§ **AIM OF THE TASK**
The lines to copy run from the one containing "Toyota Yaris Yaris" to the very end of the records; give them exactly, and only them, without pictures.
*** INPUT DATA Section Begins ***
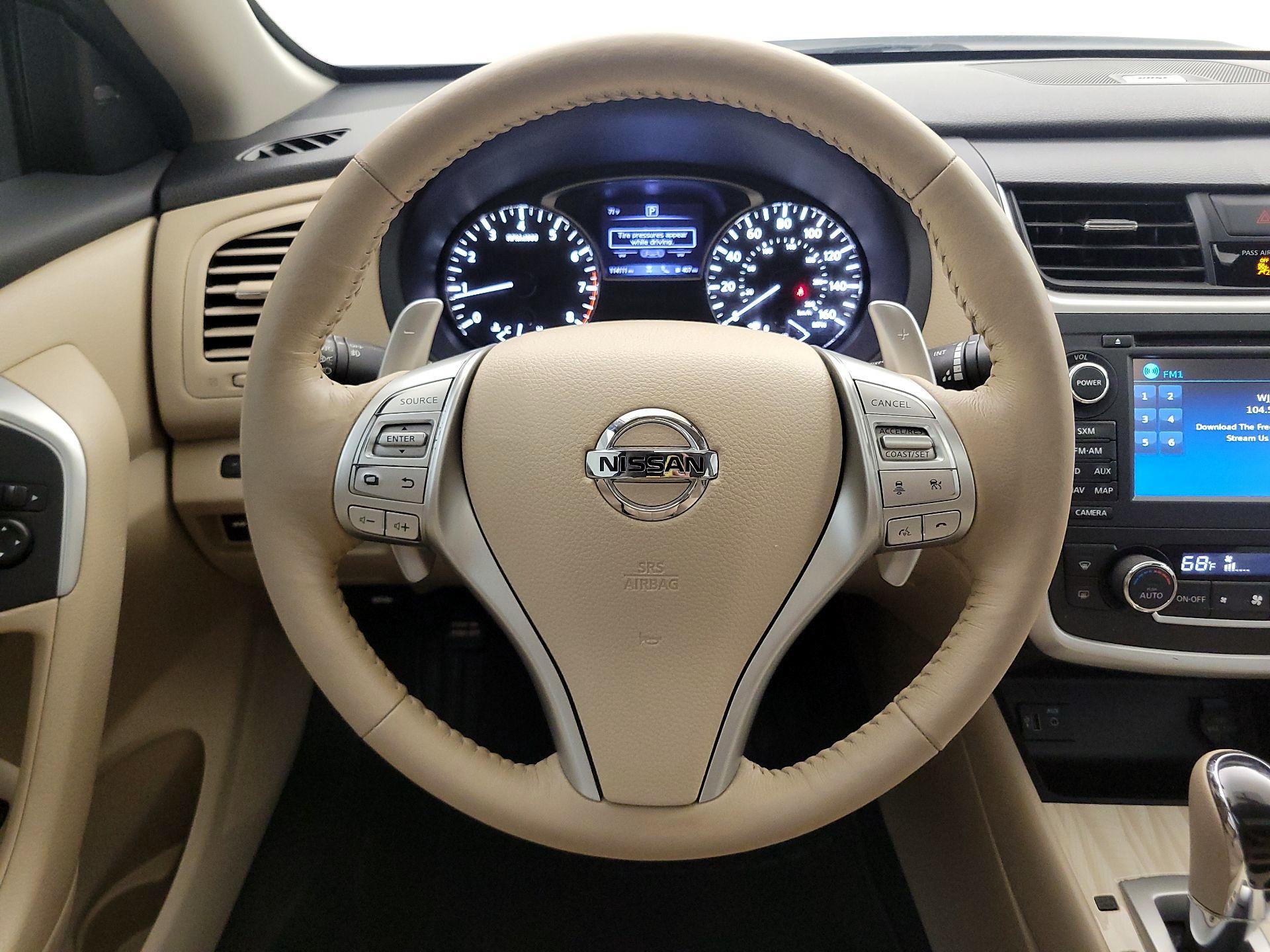 Thumbnail: 2017 Nissan Altima - 10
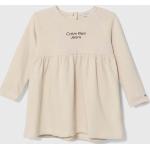 BIO Dětské šaty Dívčí v béžové barvě z bavlny strečové Designer od značky Calvin Klein Jeans z obchodu Answear.cz 
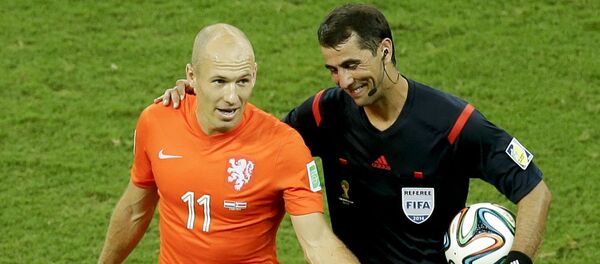 Ўзбек арбитри Равшан Эрматов. Ўзбек арбитри Равшан Эрматов. - Sputnik Ўзбекистон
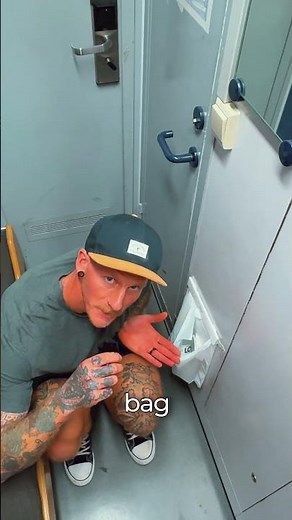 🚆 We booked a first-class sleeper cabin on the Stockholm to Boden train in Sweden!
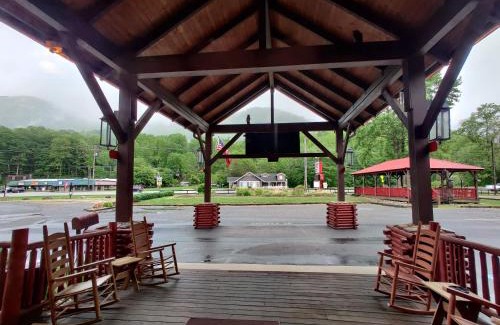 Maggie Valley Hotel | Smoky Falls Lodge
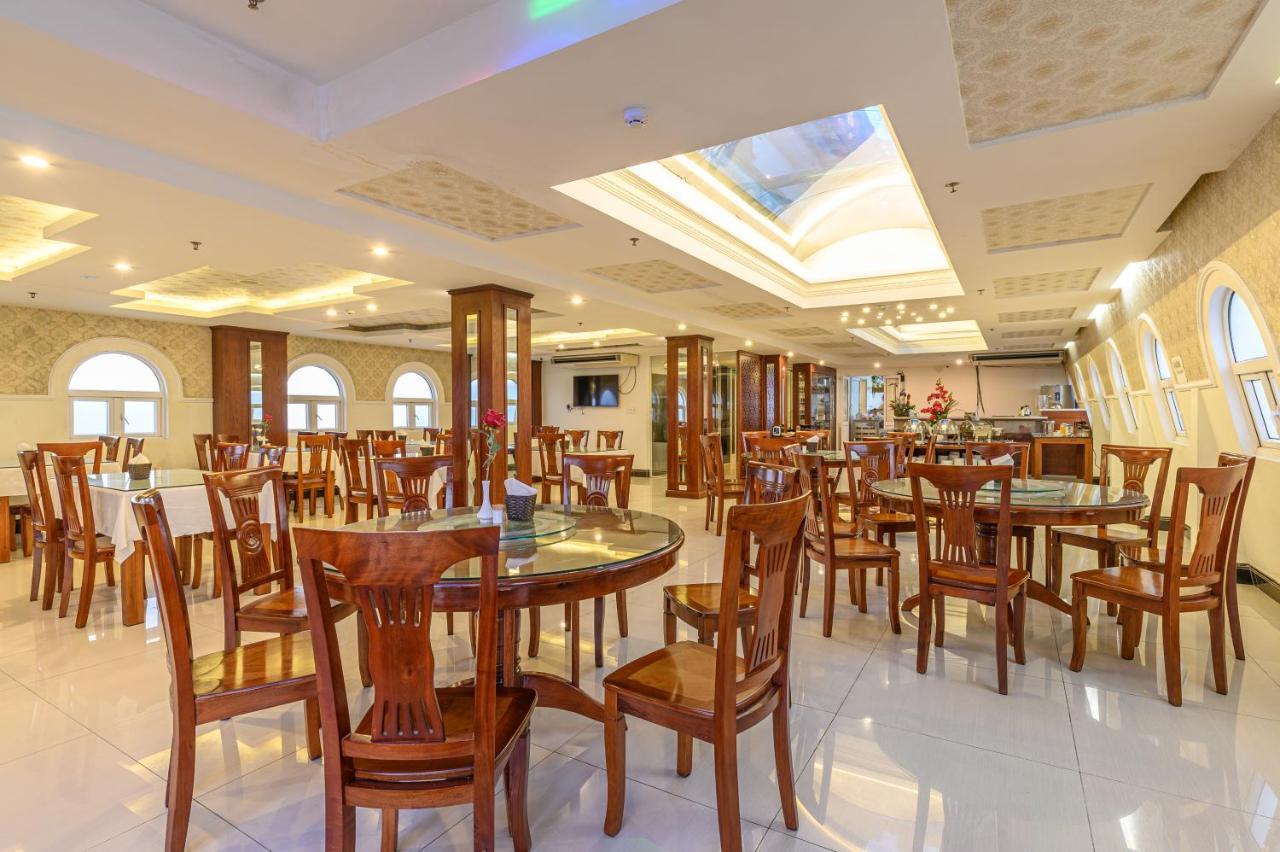 Golden Sun Hotel Danang Buitenkant foto
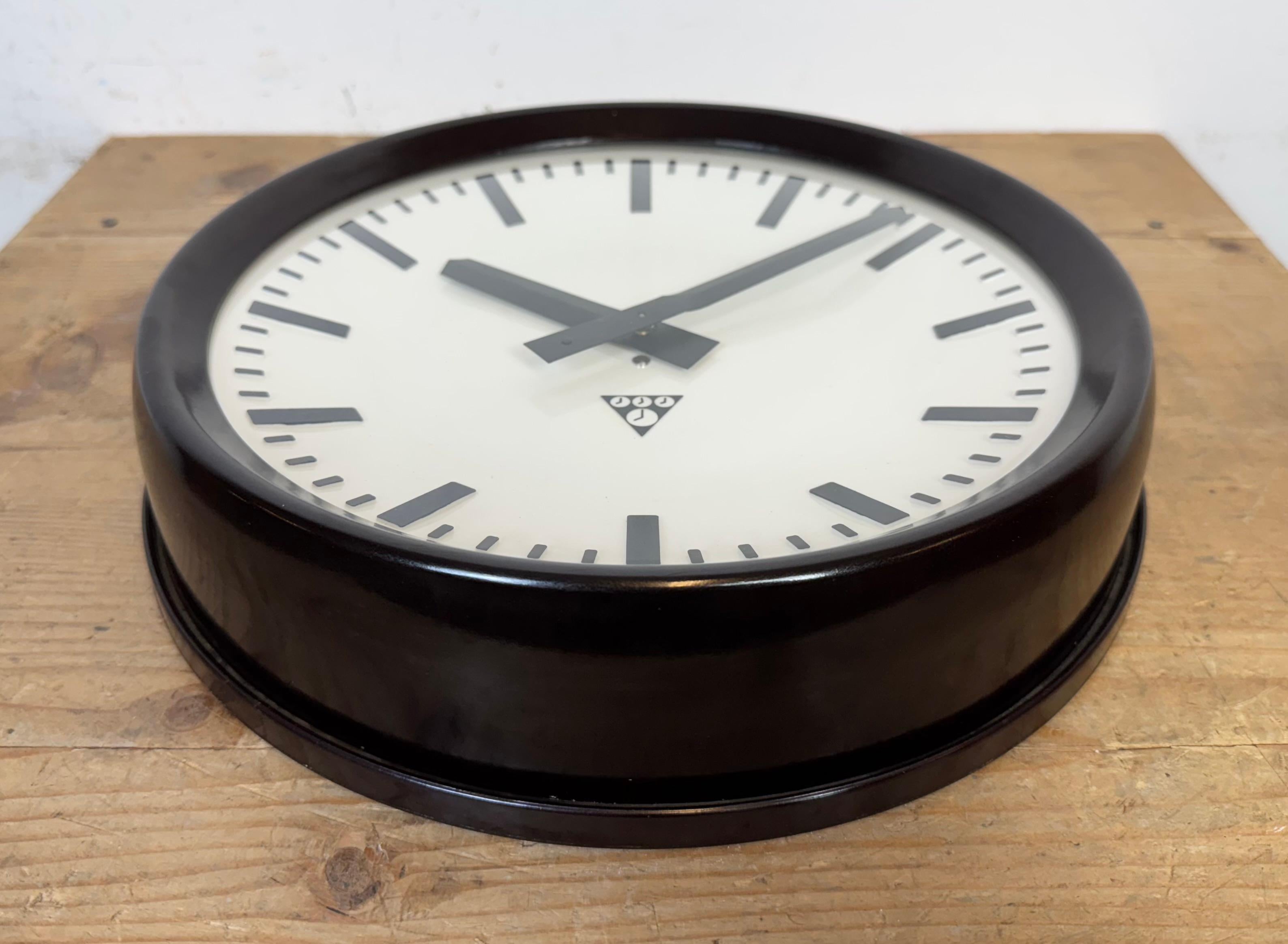 Reloj de pared industrial de fábrica de baquelita de Pragotron, años 1960 en venta 1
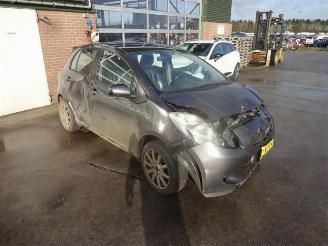 Toyota Yaris Yaris II (P9), Hatchback, 2005 / 2014 1.3 16V VVT-i picture 3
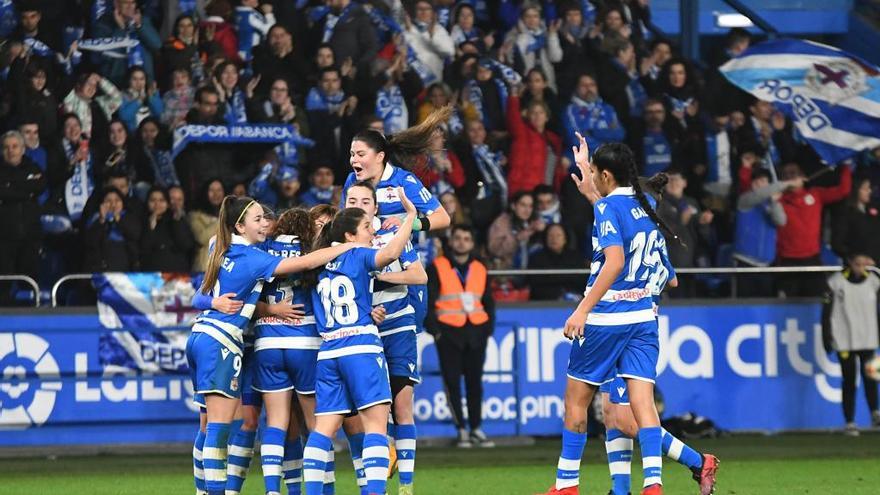 Las jugadoras del Depor festejan uno de los goles marcados ayer ante el Valencia. // Arcay/Roller Agencia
*** INPUT DATA Section Ends ***
§ **THE COMPLETED TASK**
 Toyota Yaris Yaris II (P9), Hatchback, 2005 / 2014 1.3 16V VVT-i picture 3
 Las jugadoras del Depor festejan uno de los goles marcados ayer ante el Valencia. // Arcay/Roller Agencia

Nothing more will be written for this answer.